Analysis of the external environment (analysis of the industry and the competitive situation)

To develop a strategy, perseverance, creativity and your own opinion are not enough, you also need a thorough analysis of the internal and external environment of the company, otherwise the strategy will not be viable. Particular attention should be paid to two groups of factors: first, the conditions in the industry and competition, and secondly, competitiveness, market position, strengths and weaknesses of the company.

All companies operate in the macro environment, which is influenced by the economy as a whole, demographic and technological changes, social values, regulatory and legislative acts, the competitive situation and the conditions of the industry (Fig. 1). The macro environment includes all significant environmental factors – significant in the sense that they are taken into account when choosing the business model and strategy of the company. The company cannot influence the external factors of the macro environment, but it must monitor them and adjust its strategy accordingly. Fig. 2 shows the sequence of assessing the position of the company when developing a strategy. A thorough analysis of the position of the company.
It is a necessary prerequisite for choosing the direction of the company’s development in the long term, setting goals and developing an effective strategy. In order not to make a mistake when choosing the direction of long-term development and strategy of the company, managers must know the strategic position of the company, i.e. know the characteristics of the industry, competition conditions, resources and capabilities of the company.

This question considers the analysis of the industry and the competitive situation, i.e. a set of macro-environment factors that are strategically important for a single-profile company. In question 3, we will analyze the internal environment of the company and identify strategically significant internal factors and the company’s position in the market.

In terms of their economic characteristics, competitive conditions and profit prospects, industries vary greatly.

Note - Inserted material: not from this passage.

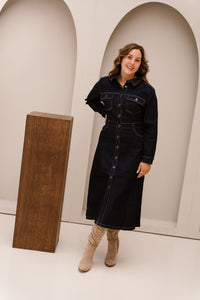 FQSara dark blue denim dress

The economic and competitive conditions in the truck industry, for example, differ significantly from those in retail. In cable television and the production of soft drinks, the situation in the industry and the conditions of competition are completely different. Competition can be moderate in one industry and very fierce in another; be guided by the price and other characteristics of the goods.

Economic characteristics, competitive conditions and their expected changes make it possible to predict the profitability of these industries. Much depends on the state of the industry: strong companies in unattractive industries sometimes struggle to achieve a satisfactory level of profitability, while even relatively weak companies in attractive industries show excellent results.

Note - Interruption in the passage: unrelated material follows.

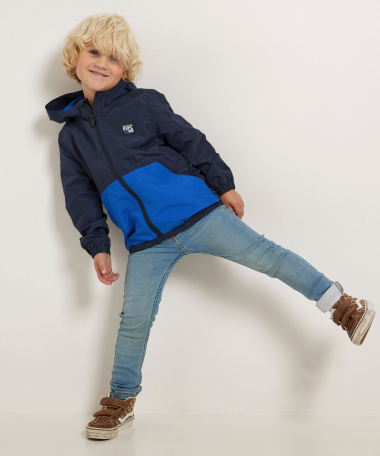 jas kleurblok blauw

To analyze the general situation and competitive conditions of the industry, methods and techniques have been developed with the help of which an optimal strategy is created and its investment attractiveness is evaluated. The analysis involves the study of the company’s activities in the context of the external environment. The purpose of the analysis is to assess seven key environmental factors (see Fig. 2):

The main economic characteristics of the industry; Forms and intensity of competition; Reasons for changes in the structure of competition and the external environment; The strongest (weakest) competitors; Probable subsequent actions of competitors; Key factors of success in competition; The overall attractiveness of the industry and the prospects for achieving profitability are higher than the industry average.

The characteristic of all these factors is an assessment of the environment in which the company operates. They provide the basis for developing a strategy to take into account the changing conditions of competition and industry.